Associations between Sleep Characteristics and Cardiovascular Risk Factors in Adolescents Living with Type 1 Diabetes

J Clin Med. 2022 Sep 8;11(18):5295. doi: 10.3390/jcm11185295.

Abstract

Adolescents living with type 1 diabetes (T1D) have an increased risk of developing cardiovascular disease. Sleep patterns have physiological and behavioral impacts on diabetes outcomes. This study aimed to investigate the associations between sleep patterns and CVD risk factors in adolescents living with T1D and their peers living without T1D. This cross-sectional study assessed CVD risk factors and sleep characteristics (and their associations) in adolescents, aged 12-18 years, living with T1D (n = 48) and their peers (n = 19) without T1D. Outcomes included blood pressure, lipid profiles, and sleep characteristics (accelerometry). Statistical differences between groups were determined with chi-square or independent samples t-tests. The associations between sleep characteristics and CVD risk factors were assessed with multivariate linear regression analyses. We found no significant differences between the two groups in terms of sleep duration, efficiency, sleep onset and offset, and frequency of awakenings, and there were associations between sleep efficiency and LDL-C (β = -0.045, p = 0.018, model R2 = 0.230) and triglycerides (β = -0.027, p = 0.012, model R2 = 0.222) after adjusting confounders (diabetes status, sex, age, pubertal stage) in all participants. In conclusion, adolescents with T1D and without T1D sleep less than the recommended eight hours per night. The associations between sleep efficiency and LDL-C and triglycerides are independent of sleep duration, regardless of sex, age, and pubertal stage.

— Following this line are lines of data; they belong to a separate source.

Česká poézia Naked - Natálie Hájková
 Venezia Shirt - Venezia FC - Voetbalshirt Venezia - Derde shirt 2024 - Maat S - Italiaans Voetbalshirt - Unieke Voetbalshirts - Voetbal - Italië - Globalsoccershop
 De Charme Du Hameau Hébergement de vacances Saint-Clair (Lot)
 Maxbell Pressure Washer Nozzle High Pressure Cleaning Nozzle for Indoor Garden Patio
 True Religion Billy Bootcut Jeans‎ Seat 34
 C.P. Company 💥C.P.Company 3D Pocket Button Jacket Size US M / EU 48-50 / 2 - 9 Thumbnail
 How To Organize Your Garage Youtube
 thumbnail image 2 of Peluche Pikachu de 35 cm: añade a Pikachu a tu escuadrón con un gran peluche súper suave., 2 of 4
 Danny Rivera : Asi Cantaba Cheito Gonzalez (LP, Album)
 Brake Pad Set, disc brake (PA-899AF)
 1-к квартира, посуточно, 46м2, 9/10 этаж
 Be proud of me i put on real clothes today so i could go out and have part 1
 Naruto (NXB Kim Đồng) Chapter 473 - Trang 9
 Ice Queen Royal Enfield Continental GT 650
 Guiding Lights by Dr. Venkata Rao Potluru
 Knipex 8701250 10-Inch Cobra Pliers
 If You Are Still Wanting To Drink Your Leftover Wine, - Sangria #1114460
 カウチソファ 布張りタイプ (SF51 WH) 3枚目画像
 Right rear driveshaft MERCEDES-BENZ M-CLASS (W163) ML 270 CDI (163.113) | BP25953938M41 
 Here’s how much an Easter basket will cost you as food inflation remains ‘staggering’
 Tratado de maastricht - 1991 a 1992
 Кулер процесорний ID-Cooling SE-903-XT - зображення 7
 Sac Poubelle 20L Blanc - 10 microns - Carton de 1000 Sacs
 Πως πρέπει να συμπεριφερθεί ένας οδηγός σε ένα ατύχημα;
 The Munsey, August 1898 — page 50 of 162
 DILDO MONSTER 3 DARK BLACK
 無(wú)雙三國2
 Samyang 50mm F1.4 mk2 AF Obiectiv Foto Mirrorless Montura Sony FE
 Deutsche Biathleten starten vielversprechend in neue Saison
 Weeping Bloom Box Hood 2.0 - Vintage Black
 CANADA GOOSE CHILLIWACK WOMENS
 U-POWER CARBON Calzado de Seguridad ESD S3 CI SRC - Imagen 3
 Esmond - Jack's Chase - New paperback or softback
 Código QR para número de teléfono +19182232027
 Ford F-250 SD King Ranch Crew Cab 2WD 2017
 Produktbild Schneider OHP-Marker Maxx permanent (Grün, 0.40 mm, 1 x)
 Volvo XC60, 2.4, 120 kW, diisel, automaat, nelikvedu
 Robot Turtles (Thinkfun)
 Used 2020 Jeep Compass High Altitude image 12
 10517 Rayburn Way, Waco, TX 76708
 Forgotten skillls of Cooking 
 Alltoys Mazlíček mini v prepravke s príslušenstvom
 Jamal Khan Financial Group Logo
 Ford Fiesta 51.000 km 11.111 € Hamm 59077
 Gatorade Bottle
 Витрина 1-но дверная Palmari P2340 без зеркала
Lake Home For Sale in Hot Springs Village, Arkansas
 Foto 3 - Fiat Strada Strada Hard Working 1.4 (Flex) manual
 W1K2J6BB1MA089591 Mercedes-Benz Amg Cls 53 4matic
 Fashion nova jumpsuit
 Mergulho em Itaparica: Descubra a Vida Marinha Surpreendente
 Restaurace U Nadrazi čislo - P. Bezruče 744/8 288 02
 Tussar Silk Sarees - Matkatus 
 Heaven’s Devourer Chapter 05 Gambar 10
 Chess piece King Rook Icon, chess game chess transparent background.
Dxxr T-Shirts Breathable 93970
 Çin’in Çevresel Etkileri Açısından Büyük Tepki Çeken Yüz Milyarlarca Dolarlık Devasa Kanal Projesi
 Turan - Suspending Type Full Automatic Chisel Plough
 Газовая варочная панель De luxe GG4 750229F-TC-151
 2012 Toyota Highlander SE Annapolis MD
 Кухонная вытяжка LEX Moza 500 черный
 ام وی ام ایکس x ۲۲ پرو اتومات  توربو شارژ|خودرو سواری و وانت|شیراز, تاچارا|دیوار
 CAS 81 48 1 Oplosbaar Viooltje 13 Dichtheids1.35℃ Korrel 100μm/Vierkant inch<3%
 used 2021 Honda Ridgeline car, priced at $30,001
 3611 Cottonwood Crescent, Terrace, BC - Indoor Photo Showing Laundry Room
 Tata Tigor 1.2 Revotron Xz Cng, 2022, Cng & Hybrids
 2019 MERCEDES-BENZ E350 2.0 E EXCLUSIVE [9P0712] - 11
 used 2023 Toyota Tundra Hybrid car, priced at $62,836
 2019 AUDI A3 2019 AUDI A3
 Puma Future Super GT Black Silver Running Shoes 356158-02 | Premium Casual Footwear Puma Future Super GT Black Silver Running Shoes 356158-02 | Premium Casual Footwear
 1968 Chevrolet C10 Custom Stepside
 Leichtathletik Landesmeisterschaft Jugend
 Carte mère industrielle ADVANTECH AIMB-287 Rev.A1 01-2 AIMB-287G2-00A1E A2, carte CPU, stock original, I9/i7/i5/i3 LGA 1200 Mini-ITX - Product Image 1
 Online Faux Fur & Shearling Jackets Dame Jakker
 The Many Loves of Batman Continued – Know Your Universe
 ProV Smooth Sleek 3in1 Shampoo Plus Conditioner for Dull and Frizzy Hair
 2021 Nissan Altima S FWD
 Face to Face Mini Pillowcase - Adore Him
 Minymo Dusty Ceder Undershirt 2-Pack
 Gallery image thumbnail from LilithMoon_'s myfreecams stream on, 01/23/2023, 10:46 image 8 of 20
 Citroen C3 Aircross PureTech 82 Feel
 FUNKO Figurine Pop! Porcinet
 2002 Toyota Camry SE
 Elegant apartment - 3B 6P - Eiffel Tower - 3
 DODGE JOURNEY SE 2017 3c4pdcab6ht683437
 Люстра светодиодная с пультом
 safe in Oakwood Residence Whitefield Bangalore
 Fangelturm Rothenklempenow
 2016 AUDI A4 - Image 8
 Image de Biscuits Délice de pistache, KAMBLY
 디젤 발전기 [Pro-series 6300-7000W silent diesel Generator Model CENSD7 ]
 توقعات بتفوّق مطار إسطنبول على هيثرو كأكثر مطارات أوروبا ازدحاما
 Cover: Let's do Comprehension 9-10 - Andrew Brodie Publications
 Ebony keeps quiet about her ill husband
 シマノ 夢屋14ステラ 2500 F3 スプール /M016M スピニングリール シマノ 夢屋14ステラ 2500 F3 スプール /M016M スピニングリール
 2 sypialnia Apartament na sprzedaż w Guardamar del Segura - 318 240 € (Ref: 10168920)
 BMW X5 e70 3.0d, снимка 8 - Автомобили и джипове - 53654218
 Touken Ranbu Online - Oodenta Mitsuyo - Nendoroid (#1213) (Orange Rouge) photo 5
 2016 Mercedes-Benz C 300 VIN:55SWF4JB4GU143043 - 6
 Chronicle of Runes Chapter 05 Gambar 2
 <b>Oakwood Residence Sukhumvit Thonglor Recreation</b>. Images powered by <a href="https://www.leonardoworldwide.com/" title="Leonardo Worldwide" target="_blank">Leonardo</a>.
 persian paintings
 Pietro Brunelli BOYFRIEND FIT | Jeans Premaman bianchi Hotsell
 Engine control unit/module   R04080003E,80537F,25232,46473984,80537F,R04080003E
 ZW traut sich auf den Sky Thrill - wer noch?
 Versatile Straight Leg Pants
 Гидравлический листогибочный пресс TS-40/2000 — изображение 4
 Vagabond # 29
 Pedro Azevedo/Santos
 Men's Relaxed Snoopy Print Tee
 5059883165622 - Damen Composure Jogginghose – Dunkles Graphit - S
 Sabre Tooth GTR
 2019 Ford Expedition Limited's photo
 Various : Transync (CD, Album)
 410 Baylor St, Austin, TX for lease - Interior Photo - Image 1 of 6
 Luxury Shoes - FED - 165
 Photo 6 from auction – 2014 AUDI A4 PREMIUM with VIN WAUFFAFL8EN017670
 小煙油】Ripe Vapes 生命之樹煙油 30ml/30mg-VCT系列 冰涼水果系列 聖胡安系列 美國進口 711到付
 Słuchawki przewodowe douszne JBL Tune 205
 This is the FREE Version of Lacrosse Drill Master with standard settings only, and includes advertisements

Keywords: cardiovascular health; sleep; type 1 diabetes.

Grants and funding

This research was supported by Kinesiology Graduate Student Research Grant (University of British Columbia), the Natural Sciences and Engineering Research Council of Canada (grant numbers NSERC RGPIN-2018-04613 and RGPIN-2020-06526), and the Canadian Institutes of Health Research (grant numbers CIHR IA5-156528, CIHR PJT-162105, and CIHR NEH-160647).